I was thinking of that hirsute bag of bones who had planted a crock of shit in my wardrobe, Ellen. If I could only get my hands on that sorry ass for the length of the ferry-crossing! To this day I can't go anywhere without a stiff breeze in my face and a stiff drink in my pusgut.

 

»Forget it,« that one guy Jack says. »Forget I even opened my mouth.«

 

I say, »Not much toll of energy, that.«

 

Back on the island, there’s far fewer mackerel drying on the clotheslines. First go the fish, then go the seals. If we net an octopus we toss him in the dryer. After forty-five medium-high minutes, fried up, the tendrils taste like veal.

 

Brandy reaches under my boa constrictor. She needs my bottle cap to mix some powdered dextrose with water, heat it with her lighter, suck it up through the fresh needle of her dirty syringe.

 

The old people think television’s responsible, that television chased away the fish.

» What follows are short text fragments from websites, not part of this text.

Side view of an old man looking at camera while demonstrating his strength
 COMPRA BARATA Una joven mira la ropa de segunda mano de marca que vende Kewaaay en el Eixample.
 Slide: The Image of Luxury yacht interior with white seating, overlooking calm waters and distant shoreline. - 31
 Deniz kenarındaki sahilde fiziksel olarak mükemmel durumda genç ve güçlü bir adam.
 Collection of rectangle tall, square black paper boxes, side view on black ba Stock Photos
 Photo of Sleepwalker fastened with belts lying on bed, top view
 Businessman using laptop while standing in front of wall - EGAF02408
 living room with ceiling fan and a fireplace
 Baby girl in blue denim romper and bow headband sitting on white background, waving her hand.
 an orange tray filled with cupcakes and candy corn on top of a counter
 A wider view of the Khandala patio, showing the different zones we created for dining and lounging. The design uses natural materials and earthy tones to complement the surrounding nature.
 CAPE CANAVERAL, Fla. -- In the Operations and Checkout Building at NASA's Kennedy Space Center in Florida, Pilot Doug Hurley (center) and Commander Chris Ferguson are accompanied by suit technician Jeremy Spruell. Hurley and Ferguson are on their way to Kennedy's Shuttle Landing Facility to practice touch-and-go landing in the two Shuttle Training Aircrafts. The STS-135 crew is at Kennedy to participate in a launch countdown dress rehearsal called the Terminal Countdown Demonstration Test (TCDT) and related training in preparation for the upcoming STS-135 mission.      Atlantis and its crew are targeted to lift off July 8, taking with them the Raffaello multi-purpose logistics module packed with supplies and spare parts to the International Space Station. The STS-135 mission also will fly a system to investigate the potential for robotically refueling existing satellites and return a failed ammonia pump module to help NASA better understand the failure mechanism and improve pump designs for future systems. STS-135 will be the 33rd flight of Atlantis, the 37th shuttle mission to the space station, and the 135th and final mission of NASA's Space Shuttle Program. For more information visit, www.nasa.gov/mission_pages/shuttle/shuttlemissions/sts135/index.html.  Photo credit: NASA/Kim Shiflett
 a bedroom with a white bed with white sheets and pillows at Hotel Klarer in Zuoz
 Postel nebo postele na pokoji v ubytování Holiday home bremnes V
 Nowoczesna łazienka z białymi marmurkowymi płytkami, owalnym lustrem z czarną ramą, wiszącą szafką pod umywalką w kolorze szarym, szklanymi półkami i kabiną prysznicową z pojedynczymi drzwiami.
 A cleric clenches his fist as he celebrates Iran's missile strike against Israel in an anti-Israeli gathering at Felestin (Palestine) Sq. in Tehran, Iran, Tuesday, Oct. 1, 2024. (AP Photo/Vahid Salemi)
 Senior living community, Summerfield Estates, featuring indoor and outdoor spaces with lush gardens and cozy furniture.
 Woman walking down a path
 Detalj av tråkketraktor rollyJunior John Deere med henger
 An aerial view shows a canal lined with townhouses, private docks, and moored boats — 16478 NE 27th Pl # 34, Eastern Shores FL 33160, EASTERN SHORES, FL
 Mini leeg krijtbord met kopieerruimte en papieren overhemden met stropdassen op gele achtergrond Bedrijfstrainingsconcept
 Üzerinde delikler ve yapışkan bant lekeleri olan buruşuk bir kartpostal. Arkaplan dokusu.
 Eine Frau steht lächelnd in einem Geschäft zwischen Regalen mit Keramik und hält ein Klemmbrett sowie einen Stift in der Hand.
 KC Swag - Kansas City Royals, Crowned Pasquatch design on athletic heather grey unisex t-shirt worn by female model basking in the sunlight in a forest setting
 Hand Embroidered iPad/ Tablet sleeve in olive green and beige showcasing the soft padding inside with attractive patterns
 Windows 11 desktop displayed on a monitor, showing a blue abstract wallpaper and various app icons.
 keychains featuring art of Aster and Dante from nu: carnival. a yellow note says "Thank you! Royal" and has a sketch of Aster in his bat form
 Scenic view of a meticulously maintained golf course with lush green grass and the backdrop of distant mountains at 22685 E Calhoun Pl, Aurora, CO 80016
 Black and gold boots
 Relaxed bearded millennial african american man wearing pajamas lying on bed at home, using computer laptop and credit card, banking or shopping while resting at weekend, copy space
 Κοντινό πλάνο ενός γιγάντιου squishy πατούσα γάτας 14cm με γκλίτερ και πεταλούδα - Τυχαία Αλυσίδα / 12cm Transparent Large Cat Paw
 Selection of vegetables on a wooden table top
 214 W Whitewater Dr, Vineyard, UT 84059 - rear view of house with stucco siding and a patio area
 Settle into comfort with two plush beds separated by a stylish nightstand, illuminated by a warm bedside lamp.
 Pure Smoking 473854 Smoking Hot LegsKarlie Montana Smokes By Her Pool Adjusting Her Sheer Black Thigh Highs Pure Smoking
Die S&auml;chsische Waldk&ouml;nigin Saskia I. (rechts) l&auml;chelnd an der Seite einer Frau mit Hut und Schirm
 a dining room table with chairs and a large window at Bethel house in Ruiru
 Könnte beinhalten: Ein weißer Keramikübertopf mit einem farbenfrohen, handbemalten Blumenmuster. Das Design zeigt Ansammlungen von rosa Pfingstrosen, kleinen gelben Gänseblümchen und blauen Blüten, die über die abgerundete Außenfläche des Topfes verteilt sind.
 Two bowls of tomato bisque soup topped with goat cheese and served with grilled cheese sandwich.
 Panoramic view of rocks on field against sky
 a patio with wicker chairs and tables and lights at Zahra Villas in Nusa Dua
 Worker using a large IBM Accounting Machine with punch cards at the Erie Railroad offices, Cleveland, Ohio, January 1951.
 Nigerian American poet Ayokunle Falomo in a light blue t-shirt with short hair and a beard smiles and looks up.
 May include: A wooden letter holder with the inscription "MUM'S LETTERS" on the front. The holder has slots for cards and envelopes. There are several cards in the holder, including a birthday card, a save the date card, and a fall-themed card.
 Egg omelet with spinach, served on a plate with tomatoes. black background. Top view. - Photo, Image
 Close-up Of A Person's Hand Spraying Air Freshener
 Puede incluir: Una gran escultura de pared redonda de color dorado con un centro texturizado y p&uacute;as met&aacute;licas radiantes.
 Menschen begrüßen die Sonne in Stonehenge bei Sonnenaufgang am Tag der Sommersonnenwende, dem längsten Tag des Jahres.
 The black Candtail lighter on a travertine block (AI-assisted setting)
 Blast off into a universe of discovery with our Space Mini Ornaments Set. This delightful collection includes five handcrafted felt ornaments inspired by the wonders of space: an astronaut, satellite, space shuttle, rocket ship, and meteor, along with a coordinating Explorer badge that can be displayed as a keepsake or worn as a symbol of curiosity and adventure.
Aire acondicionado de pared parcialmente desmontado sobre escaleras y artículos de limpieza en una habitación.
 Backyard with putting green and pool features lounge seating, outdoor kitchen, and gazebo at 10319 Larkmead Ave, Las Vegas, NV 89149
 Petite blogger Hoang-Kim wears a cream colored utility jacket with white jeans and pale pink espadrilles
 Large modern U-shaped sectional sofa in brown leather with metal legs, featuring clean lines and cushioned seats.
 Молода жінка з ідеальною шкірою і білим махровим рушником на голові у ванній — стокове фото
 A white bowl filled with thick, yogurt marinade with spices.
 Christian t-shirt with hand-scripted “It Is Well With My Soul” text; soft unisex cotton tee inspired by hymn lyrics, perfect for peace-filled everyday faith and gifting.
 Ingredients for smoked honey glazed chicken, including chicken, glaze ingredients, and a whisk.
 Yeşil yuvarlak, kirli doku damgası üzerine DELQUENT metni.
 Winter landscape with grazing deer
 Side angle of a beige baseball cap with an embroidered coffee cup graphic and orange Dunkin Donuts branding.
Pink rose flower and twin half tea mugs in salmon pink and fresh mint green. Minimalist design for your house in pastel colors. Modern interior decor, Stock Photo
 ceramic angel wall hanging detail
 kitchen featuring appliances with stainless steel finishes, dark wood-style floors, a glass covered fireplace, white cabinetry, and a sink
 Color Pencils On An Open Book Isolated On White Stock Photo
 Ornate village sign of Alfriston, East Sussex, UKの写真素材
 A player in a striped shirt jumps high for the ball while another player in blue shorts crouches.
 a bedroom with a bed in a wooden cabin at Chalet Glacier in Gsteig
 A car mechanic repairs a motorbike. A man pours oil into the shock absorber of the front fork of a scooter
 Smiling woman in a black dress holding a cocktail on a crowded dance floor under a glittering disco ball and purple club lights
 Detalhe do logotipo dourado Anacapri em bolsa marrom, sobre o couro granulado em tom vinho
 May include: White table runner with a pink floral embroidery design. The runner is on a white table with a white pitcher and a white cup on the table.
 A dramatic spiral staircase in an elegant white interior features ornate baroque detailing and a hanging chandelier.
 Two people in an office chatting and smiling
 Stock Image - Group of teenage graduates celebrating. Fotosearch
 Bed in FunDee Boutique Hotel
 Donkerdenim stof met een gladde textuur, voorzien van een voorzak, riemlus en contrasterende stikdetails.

Two weeks ago a mob with torches smashed the televisions. We heard them downstairs and pulled the covers over our heads. In the nine last days three island youth have committed suicide.

 

Brandy injects her belly. Two after her number comes me as next. If you are a true lover of any movie, even if it's not Polanski's Rosemary's Baby, you will likely agree with me that in the end the end is not the end. Her chocolate eyes glaze.